───── Stored data ─────

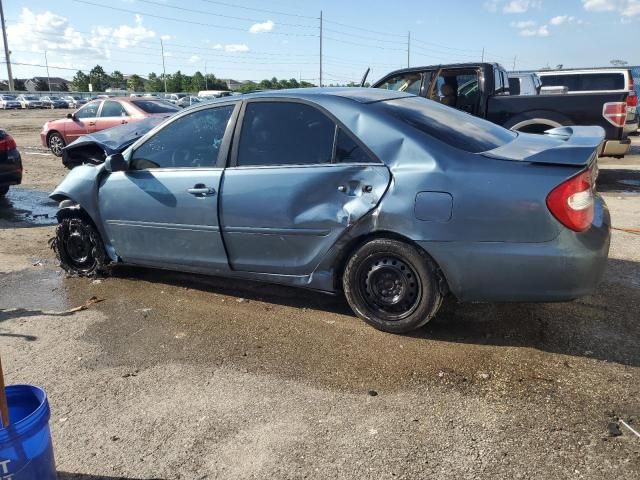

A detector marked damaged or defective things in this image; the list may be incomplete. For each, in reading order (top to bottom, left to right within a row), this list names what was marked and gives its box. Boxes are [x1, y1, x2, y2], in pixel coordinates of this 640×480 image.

damaged front wheel [51, 216, 107, 276]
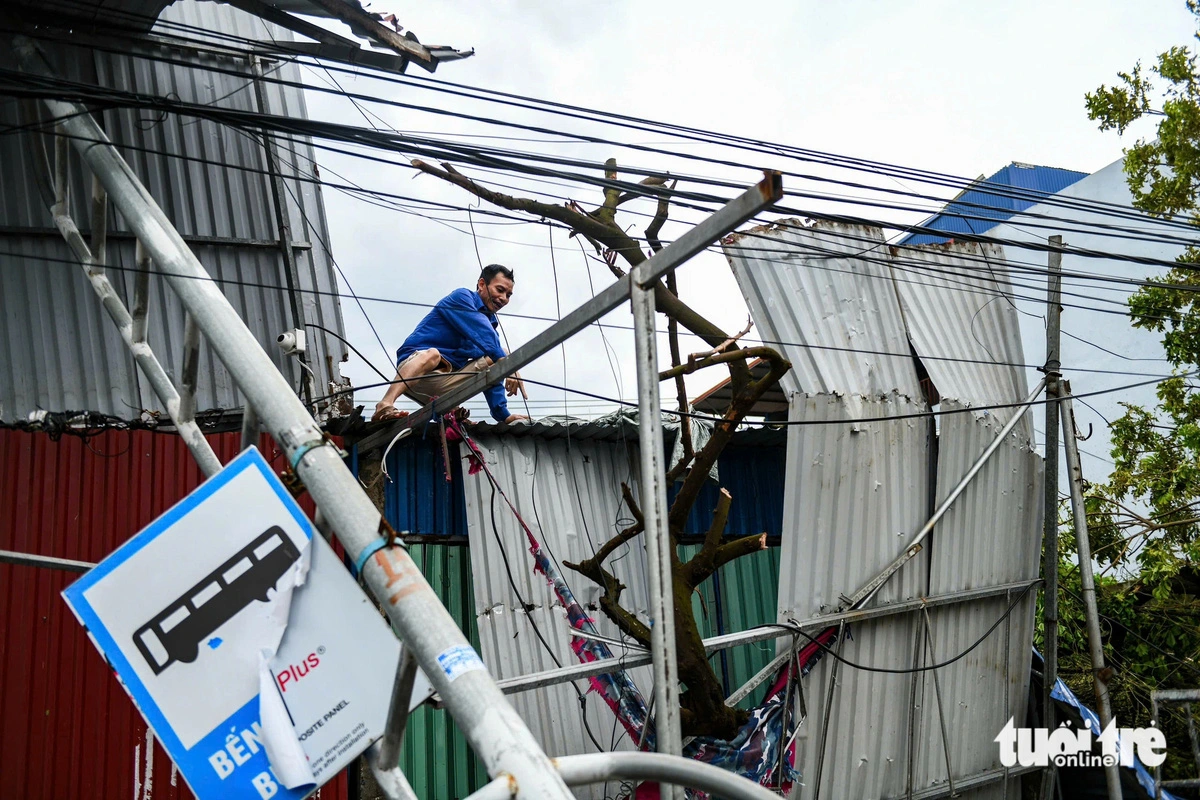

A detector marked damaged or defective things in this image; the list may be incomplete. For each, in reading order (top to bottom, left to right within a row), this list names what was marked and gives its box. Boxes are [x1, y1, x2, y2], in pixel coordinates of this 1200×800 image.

bent metal pole [9, 37, 572, 800]
torn clothing [394, 290, 506, 424]
toppled bus stop sign [63, 446, 404, 800]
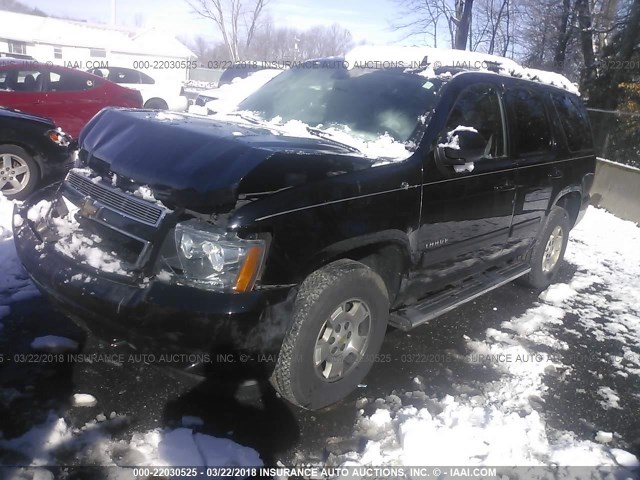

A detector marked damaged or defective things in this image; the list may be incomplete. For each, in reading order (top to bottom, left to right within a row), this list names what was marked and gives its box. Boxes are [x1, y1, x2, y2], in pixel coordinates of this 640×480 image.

crumpled hood [77, 109, 372, 210]
damaged front bumper [13, 187, 292, 376]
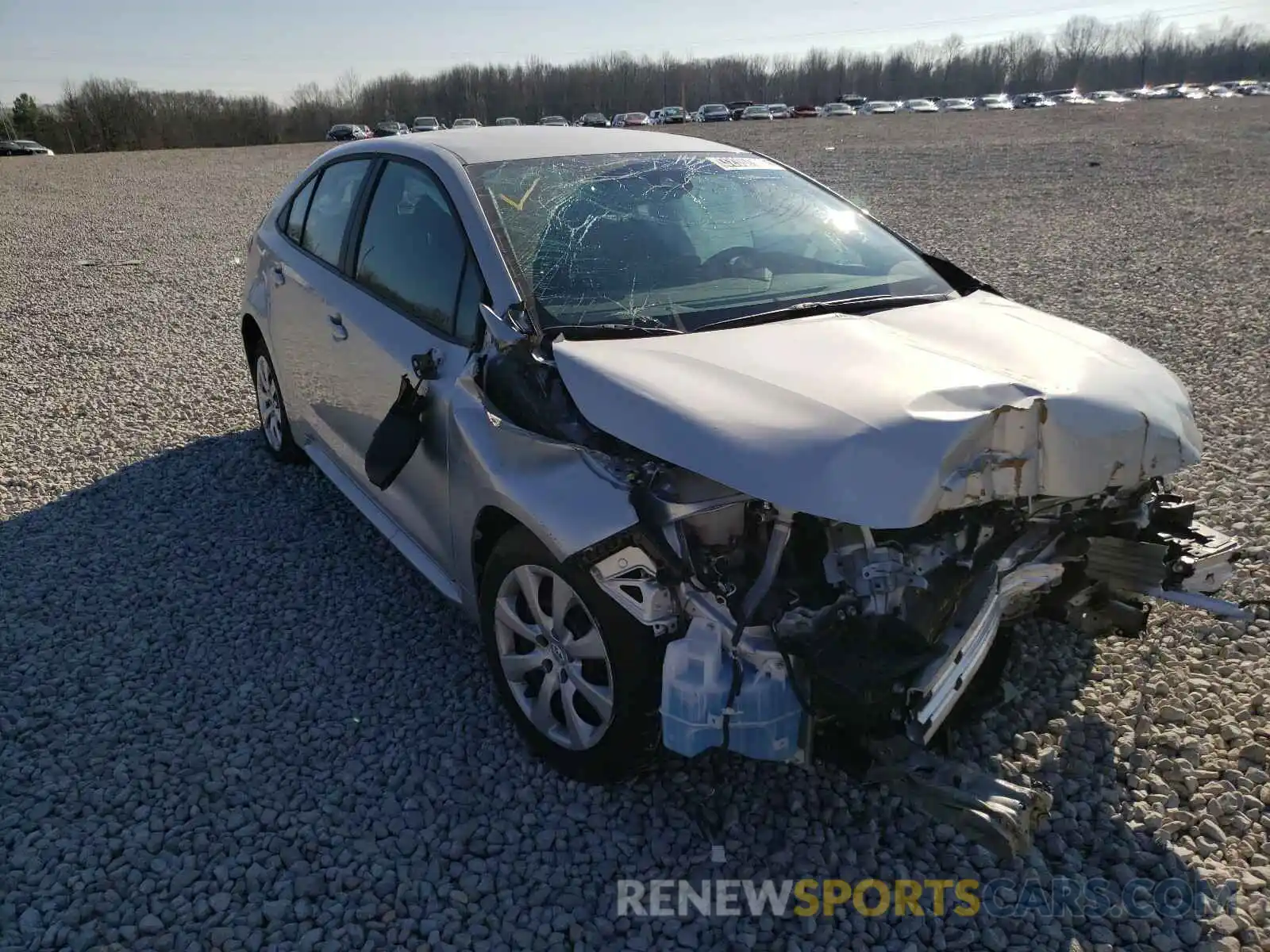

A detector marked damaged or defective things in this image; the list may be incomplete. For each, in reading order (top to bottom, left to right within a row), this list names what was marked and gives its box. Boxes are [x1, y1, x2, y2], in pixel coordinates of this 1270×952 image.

shattered windshield [467, 155, 955, 332]
cracked windshield glass [467, 155, 955, 332]
damaged silver sedan [242, 129, 1254, 858]
crushed front hood [553, 290, 1199, 530]
torn bumper bracket [864, 741, 1051, 863]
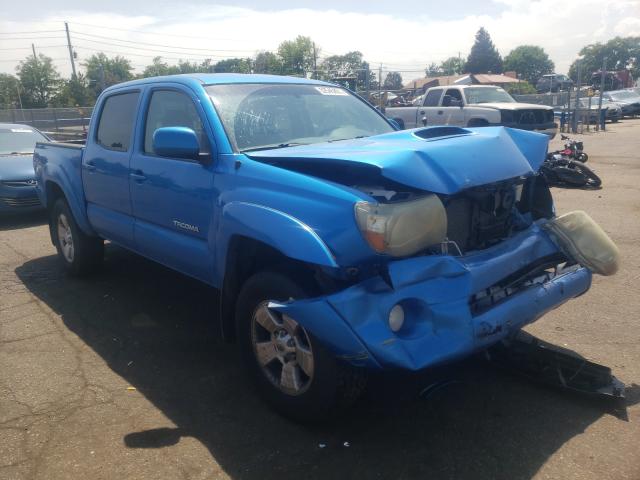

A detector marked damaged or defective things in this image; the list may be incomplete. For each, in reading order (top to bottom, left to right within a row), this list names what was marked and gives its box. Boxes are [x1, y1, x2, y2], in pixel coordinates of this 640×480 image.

crumpled hood [0, 154, 35, 182]
damaged blue truck [33, 74, 620, 420]
crumpled hood [248, 127, 548, 197]
broken headlight housing [352, 194, 448, 256]
blue paint damage [268, 223, 592, 370]
crushed front bumper [270, 224, 592, 372]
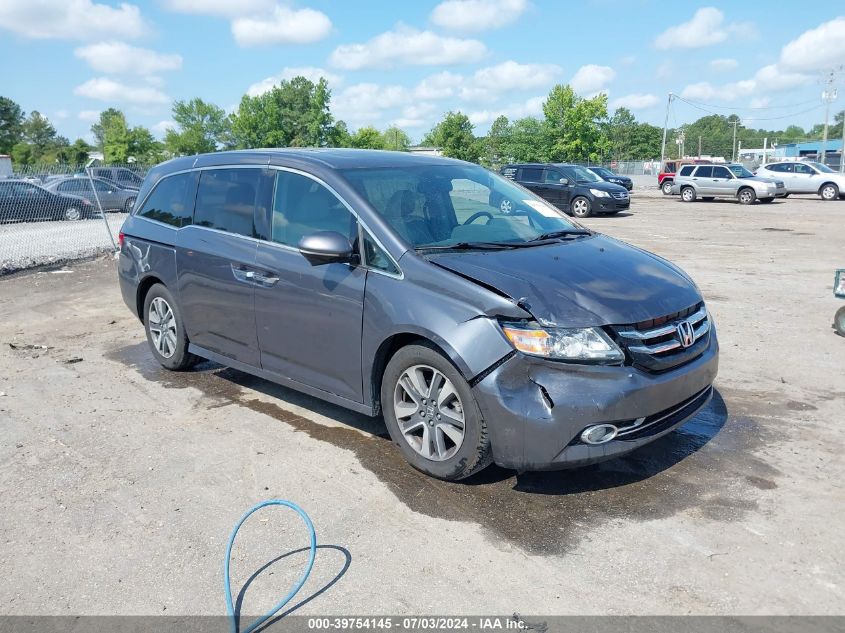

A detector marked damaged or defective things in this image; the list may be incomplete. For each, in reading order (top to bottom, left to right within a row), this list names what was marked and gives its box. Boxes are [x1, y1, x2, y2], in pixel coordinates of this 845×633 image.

damaged honda odyssey [118, 149, 720, 478]
cracked headlight [498, 324, 624, 362]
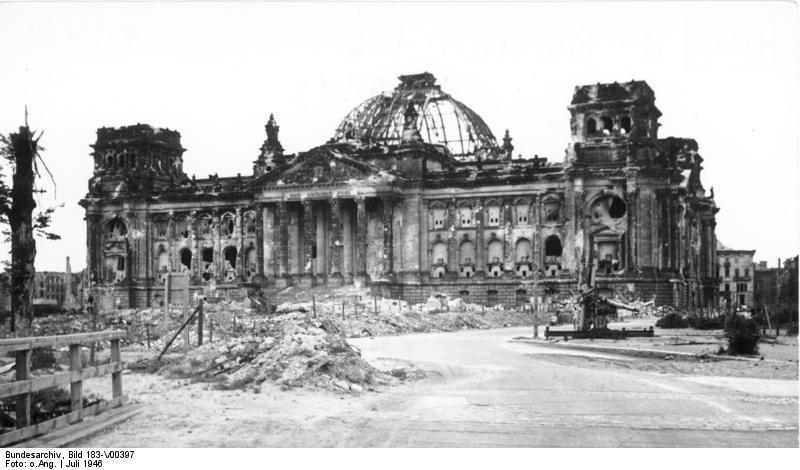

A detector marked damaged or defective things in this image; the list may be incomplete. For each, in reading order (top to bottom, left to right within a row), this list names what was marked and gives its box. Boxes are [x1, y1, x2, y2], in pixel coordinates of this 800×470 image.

damaged tower [79, 72, 720, 308]
bent metal [79, 71, 720, 310]
burned roof [332, 71, 496, 160]
damaged glass dome [332, 72, 496, 161]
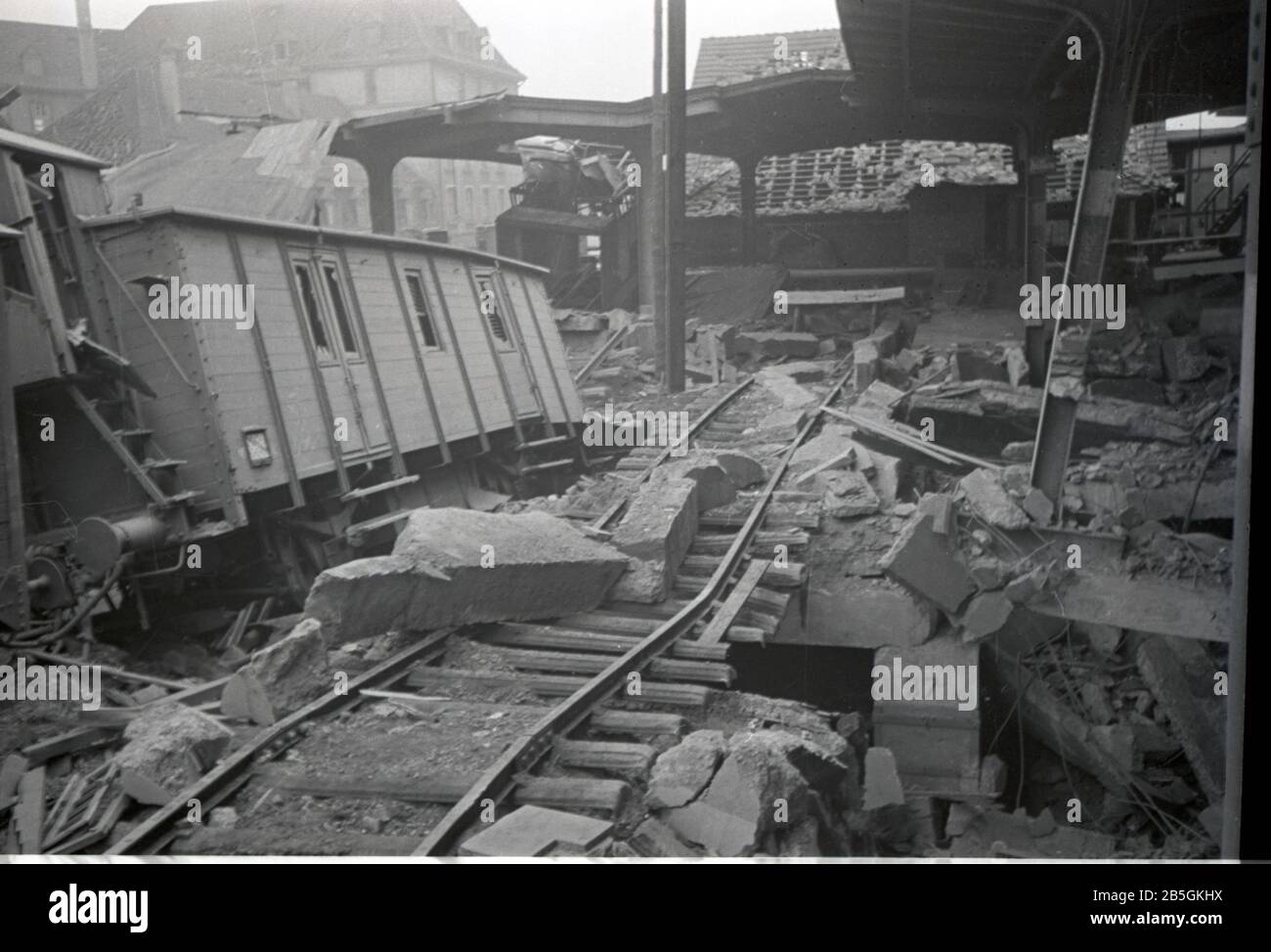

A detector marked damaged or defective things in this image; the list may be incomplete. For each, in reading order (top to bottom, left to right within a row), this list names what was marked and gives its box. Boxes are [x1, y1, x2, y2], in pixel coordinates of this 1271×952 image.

damaged railway track [89, 366, 853, 856]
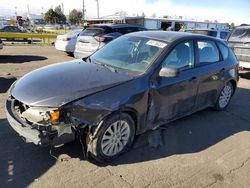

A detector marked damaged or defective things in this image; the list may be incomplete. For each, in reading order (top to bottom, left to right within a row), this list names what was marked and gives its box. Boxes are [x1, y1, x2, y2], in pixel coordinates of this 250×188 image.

damaged hood [11, 59, 133, 106]
damaged gray car [4, 31, 237, 162]
crumpled front bumper [5, 99, 74, 146]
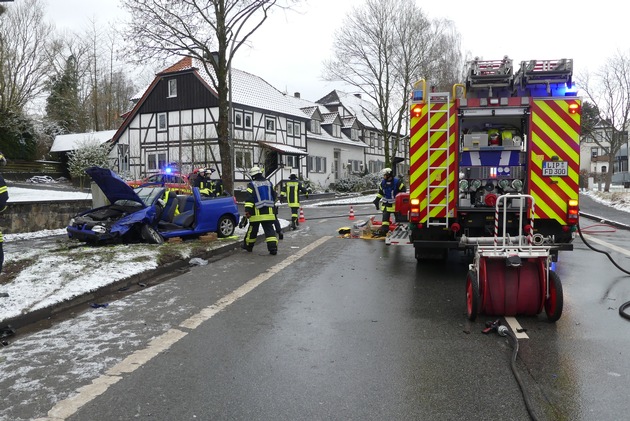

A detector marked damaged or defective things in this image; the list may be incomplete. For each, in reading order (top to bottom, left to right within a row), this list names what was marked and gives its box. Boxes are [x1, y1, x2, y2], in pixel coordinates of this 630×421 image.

crashed blue car [66, 167, 239, 244]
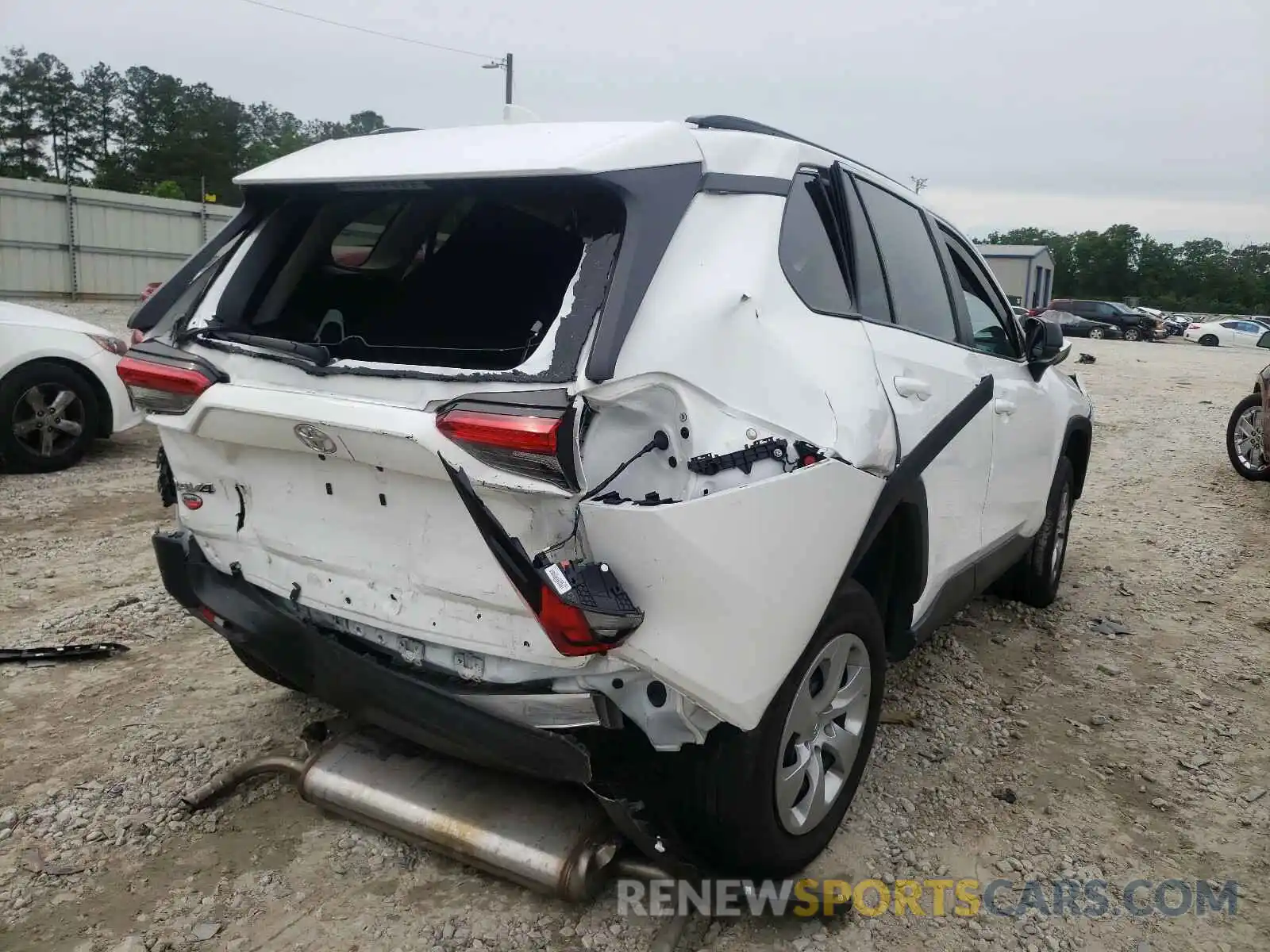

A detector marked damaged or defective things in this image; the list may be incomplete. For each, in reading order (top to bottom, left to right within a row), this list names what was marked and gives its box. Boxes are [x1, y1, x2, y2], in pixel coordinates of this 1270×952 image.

broken taillight lens [117, 355, 218, 413]
broken taillight lens [437, 401, 576, 492]
damaged rear end of suv [126, 117, 1092, 878]
detached rear bumper [152, 525, 594, 787]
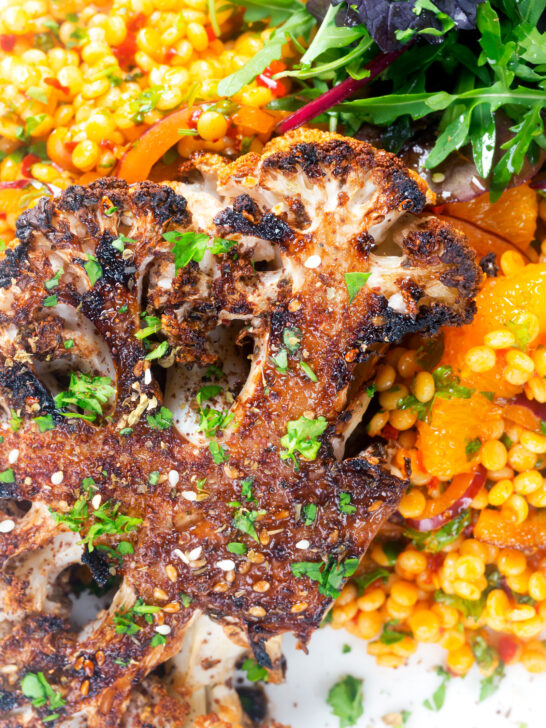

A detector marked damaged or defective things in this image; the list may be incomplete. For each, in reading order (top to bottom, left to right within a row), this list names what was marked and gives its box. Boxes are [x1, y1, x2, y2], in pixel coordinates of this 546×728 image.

blackened charred edge [264, 139, 424, 212]
blackened charred edge [131, 180, 189, 225]
blackened charred edge [215, 193, 296, 245]
blackened charred edge [0, 243, 28, 292]
blackened charred edge [94, 235, 133, 288]
blackened charred edge [476, 252, 498, 278]
blackened charred edge [352, 294, 472, 354]
blackened charred edge [0, 358, 57, 416]
blackened charred edge [81, 544, 112, 584]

─────

**Problem**
Copy exactly the lines that run from the line containing "this 250×188 image." to the end of the data above, keeping both end lines and leaving out all pictures.

**Solution to the problem**
A detector marked damaged or defective things in this image; the list may be incomplete. For each, in reading order (top to bottom, left to right within a row), this list names what was marked and gives its box. Boxes are [x1, y1, x2, y2], in pixel coordinates of this 250×188 image.

damaged hood [11, 59, 133, 106]
damaged gray car [4, 31, 237, 162]
crumpled front bumper [5, 99, 74, 146]

A detector marked damaged or defective things in this image; the list may be incomplete. For each, in reading order (top to bottom, left to right within a row), this list names what was marked and gives its box. Boxes are [x1, y1, x2, y2], in pixel coordinates of this 630×421 image.

crashed blue car [66, 167, 239, 244]

A detector marked damaged or defective things in this image; the list may be incomplete. For each, in reading order (top to bottom, left to right within a row), this list names what was marked and gives its box. Boxes are [x1, y1, x2, y2], in pixel coordinates of this 1270×952 image.

broken taillight lens [117, 355, 218, 413]
broken taillight lens [437, 401, 576, 492]
damaged rear end of suv [126, 117, 1092, 878]
detached rear bumper [152, 525, 594, 787]

A detector marked damaged or defective things in this image; the list may be incomplete. For each, in reading order (top to bottom, left to right within a row), this list names what was marked and gives its box. Boxes are [x1, y1, x2, y2], in pixel coordinates of this 546×728 image.

blackened charred edge [264, 139, 424, 212]
blackened charred edge [131, 180, 189, 225]
blackened charred edge [215, 193, 296, 245]
blackened charred edge [0, 243, 28, 292]
blackened charred edge [94, 235, 133, 288]
blackened charred edge [476, 252, 498, 278]
blackened charred edge [352, 294, 472, 354]
blackened charred edge [0, 358, 57, 416]
blackened charred edge [81, 544, 112, 584]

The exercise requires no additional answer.